问题
Alright, so here's the dealio: I'm working on a Ruby app that'll take data from a website, and aggregate that data into an XML file.
The website I need to take data from does not have any APIs I can make use of, so the only thing I can think of is to login to the website, sequentially load the pages that have the data I need (in this case, PMs; I want to archive them), and then parse the returned HTML.
The problem, though, is that I don't know of any ways to programatically simulate a login session.
Would anyone have any advice, or know of any proven methods that I could use to successfully login to an https page, and then programatically load pages from the site using a temporary cookie session from the login? It doesn't have to be a Ruby-only solution -- I just wanna know how I can actually do this. And if it helps, the website in question is one that uses Microsoft's .NET Passport service as its login/session mechanism.

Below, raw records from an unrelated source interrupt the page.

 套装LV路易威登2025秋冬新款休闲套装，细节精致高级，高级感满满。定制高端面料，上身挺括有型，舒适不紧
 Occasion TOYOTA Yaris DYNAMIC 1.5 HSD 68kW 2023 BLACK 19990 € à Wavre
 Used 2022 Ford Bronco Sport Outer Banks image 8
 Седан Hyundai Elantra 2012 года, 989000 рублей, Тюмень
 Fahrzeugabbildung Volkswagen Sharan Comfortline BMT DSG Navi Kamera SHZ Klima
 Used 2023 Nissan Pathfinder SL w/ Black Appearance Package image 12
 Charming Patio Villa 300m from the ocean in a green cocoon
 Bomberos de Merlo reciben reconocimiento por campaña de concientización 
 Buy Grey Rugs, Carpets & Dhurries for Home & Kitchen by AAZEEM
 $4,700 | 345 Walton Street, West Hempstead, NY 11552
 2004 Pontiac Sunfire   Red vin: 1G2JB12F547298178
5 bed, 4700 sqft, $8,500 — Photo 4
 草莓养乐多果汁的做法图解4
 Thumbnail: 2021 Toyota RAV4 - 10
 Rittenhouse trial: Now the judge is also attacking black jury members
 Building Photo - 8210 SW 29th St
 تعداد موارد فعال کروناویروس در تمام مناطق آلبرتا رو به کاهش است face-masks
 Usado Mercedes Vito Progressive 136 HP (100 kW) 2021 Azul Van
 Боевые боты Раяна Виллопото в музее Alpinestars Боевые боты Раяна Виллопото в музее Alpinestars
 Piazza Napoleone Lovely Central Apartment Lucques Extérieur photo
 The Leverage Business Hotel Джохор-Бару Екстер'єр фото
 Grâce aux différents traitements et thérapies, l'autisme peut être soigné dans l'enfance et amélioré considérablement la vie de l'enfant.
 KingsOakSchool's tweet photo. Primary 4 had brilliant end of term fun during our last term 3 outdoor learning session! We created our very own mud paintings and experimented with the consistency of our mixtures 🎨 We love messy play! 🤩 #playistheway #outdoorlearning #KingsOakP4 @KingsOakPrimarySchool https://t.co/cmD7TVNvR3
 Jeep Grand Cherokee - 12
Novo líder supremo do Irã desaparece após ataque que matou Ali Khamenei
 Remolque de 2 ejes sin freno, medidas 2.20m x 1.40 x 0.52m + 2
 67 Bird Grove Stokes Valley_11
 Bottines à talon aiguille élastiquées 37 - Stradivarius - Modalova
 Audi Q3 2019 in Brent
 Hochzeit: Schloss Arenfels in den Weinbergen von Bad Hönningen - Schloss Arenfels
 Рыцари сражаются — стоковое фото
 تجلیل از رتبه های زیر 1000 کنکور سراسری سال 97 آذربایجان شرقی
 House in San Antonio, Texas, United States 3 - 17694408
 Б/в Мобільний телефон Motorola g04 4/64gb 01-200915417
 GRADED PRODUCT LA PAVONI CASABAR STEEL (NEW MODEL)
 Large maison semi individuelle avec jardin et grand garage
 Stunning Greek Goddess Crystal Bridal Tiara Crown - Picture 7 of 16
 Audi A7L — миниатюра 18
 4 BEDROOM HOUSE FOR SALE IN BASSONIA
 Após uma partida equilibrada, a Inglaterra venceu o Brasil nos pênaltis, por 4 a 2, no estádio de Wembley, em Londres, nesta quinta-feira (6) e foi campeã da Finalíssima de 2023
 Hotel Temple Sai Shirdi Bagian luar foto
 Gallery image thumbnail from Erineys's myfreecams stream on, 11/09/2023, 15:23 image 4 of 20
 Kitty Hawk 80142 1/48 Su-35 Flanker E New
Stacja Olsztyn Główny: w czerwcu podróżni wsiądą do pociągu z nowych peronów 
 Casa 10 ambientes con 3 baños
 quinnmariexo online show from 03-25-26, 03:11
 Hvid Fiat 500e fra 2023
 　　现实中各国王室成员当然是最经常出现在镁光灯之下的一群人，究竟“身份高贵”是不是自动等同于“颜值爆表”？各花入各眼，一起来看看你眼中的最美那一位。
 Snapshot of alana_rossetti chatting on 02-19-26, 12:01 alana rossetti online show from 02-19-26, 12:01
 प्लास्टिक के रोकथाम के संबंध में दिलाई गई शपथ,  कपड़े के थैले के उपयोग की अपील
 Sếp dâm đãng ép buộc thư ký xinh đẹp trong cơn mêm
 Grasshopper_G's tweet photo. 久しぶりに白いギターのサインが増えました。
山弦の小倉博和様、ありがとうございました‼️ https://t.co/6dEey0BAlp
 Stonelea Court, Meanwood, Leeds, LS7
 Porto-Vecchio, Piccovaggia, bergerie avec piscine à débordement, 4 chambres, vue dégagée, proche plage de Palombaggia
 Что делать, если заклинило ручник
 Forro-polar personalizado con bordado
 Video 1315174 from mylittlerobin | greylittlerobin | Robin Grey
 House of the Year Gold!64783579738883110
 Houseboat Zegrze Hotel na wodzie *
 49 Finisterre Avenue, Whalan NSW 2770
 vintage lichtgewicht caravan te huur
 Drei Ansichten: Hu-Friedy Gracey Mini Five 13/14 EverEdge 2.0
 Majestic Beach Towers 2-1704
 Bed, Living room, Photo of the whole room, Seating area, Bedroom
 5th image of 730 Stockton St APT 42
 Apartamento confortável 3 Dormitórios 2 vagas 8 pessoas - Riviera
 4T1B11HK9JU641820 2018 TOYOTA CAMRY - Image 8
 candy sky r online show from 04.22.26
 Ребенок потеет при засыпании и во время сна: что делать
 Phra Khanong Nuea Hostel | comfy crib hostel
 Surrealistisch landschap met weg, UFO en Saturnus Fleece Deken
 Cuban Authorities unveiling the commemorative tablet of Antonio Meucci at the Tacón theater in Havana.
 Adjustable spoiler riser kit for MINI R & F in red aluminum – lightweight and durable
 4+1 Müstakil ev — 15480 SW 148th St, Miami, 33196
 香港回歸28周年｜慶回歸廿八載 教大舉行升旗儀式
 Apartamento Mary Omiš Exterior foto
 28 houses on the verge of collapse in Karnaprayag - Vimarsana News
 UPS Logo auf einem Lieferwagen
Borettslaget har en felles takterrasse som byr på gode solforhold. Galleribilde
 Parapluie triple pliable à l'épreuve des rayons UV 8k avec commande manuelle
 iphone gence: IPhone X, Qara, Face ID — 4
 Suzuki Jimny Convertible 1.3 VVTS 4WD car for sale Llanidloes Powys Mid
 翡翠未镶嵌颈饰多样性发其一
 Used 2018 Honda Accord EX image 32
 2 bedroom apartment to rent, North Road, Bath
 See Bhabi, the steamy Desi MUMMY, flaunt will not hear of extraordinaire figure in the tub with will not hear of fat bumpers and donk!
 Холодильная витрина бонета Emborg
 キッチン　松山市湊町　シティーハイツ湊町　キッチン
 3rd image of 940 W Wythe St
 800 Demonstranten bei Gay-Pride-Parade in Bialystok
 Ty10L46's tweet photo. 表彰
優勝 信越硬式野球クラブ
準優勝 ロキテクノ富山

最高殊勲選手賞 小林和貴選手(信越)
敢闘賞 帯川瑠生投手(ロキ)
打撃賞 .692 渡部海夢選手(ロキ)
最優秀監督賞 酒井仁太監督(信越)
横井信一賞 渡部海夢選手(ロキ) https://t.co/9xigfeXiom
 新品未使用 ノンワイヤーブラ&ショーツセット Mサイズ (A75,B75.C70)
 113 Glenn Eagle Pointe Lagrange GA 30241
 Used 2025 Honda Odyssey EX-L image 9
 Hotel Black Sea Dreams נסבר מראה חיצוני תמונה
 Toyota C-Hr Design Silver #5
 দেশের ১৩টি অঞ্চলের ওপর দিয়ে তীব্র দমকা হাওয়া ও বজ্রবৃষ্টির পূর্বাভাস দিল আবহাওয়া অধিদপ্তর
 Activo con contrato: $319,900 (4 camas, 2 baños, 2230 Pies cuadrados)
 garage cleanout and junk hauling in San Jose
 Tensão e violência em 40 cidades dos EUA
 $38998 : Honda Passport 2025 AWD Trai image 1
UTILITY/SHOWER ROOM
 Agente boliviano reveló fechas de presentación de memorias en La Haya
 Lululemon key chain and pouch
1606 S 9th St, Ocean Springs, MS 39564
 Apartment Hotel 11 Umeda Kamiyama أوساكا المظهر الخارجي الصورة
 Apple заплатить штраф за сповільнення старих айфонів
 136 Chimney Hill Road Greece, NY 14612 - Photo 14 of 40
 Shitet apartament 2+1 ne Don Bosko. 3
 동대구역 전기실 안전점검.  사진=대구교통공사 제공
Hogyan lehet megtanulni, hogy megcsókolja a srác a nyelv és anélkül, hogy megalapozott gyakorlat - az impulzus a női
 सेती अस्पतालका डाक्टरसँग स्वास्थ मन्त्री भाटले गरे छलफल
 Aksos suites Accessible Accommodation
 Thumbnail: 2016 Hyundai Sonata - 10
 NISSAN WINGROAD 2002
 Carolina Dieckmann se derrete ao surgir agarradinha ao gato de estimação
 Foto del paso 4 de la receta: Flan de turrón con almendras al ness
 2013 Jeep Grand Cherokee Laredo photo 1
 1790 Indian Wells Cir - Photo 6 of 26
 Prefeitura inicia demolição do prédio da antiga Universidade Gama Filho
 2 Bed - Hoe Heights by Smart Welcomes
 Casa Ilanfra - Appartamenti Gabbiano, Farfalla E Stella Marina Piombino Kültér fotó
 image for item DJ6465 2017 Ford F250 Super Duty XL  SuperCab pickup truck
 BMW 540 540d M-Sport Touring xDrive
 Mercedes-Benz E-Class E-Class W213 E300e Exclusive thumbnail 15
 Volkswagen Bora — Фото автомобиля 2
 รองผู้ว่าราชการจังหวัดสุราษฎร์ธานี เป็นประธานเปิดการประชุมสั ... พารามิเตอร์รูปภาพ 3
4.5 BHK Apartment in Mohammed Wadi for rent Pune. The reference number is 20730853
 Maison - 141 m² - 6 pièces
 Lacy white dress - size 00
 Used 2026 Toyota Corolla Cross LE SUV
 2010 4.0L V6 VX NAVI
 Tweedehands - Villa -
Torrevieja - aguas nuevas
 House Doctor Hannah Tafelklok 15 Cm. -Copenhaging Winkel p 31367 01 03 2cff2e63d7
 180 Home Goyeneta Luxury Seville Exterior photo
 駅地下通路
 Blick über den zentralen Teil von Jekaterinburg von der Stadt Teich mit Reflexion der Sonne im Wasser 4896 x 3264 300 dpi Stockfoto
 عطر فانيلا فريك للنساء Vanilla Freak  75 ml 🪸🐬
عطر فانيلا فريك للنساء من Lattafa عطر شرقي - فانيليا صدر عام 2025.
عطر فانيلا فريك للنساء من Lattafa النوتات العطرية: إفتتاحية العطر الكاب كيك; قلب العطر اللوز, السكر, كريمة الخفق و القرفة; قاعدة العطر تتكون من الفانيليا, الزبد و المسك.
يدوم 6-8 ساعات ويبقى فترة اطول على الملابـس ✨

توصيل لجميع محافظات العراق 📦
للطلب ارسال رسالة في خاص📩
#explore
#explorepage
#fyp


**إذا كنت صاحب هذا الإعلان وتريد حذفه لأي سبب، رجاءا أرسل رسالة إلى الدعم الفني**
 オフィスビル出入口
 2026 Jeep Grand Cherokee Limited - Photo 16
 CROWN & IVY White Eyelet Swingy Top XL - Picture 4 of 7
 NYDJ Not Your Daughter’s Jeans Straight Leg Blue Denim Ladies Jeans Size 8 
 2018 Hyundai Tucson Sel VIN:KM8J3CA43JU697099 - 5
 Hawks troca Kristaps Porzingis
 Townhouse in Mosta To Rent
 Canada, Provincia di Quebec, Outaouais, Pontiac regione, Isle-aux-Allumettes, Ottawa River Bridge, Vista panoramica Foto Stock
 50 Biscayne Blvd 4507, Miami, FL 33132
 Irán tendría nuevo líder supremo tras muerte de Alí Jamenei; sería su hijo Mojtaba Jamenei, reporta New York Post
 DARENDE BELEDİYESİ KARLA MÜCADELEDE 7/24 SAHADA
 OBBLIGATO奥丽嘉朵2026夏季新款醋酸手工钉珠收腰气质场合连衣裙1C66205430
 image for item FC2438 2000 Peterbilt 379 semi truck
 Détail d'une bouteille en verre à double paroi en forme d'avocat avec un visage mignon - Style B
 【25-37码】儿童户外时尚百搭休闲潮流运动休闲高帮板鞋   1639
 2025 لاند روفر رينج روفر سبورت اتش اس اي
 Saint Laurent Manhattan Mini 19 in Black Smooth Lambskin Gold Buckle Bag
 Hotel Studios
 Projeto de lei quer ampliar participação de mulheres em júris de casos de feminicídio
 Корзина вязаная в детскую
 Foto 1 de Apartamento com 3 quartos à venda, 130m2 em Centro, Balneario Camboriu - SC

Any input on the matter is welcome. Thanks.
回答1:
Mechanize
Mechanize is ruby library which imititates the behaviour of a web browser. You can click links, fill out forms und submit them. It even has a history and remebers cookies. It seems your problem could be easily solved with the help of mechanize.
The following example is taken from http://mechanize.rubyforge.org:
require 'rubygems'
require 'mechanize'
a = Mechanize.new
a.get('http://rubyforge.org/') do |page|
# Click the login link
login_page = a.click(page.link_with(:text => /Log In/))
# Submit the login form
my_page = login_page.form_with(:action => '/account/login.php') do |f|
f.form_loginname = ARGV[0]
f.form_pw = ARGV[1]
end.click_button
my_page.links.each do |link|
text = link.text.strip
next unless text.length > 0
puts text
end
end
回答2:
You can try use wget to fetch the page. You can analyse login process with this app www.portswigger.net/proxy/.
回答3:
For what it's worth, you could check out Webrat. It is meant to be used a tool for automated acceptance tests, but I think you could use it to simulate filling out the login fields, then click through links by their names, and grab the needed HTML as a string. Haven't tried doing anything like it, tho.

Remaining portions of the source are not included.